======== RECORDS FOR THE EXERCISE ========

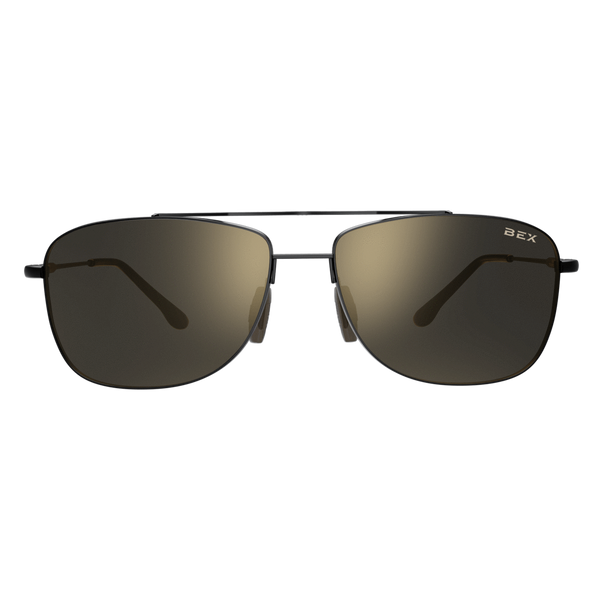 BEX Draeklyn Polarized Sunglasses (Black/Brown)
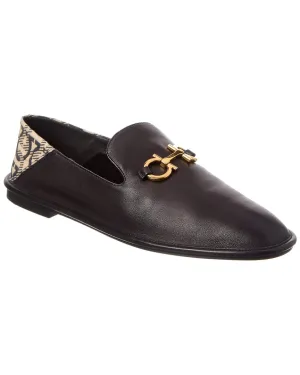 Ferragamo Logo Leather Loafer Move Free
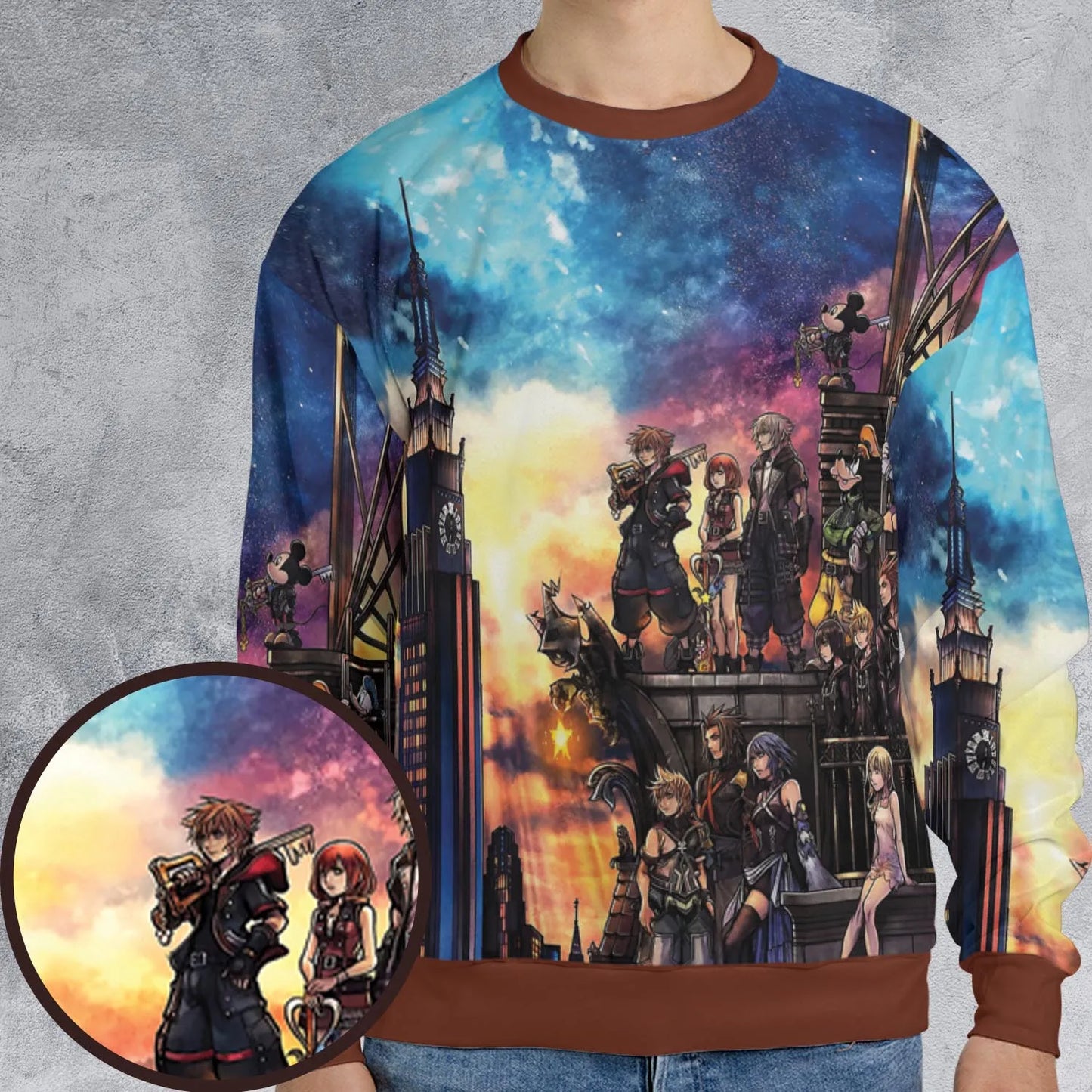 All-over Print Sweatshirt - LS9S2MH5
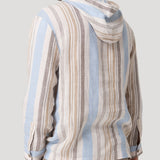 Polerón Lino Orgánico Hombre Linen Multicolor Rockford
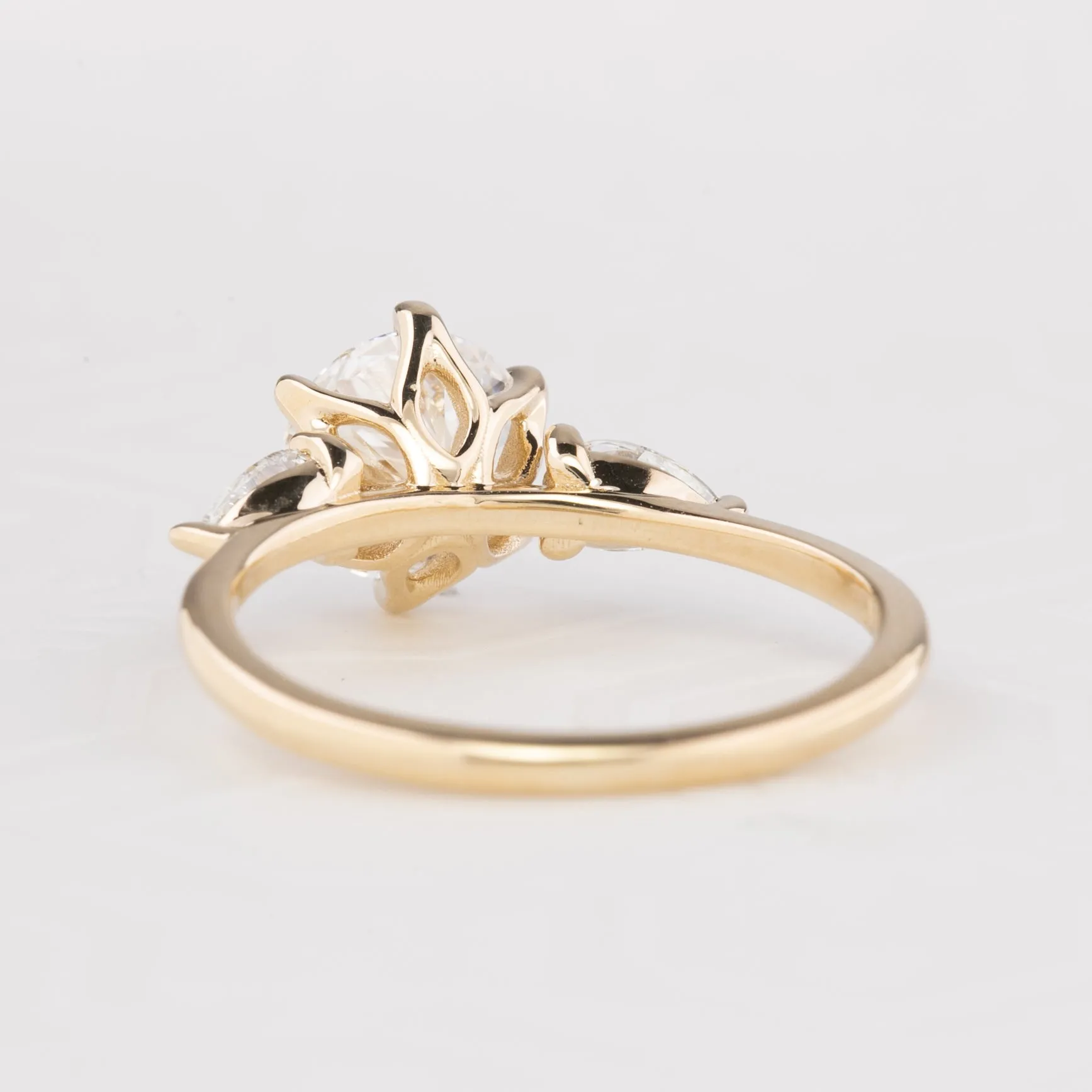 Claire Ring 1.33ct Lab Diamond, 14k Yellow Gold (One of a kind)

========

◆ **THE TASK**: An exact, image-free transcript of the material is required.

◆ **TASK OUTPUT**:
 BEX Draeklyn Polarized Sunglasses (Black/Brown)
 Ferragamo Logo Leather Loafer Move Free
 All-over Print Sweatshirt - LS9S2MH5
 Polerón Lino Orgánico Hombre Linen Multicolor Rockford
 Claire Ring 1.33ct Lab Diamond, 14k Yellow Gold (One of a kind)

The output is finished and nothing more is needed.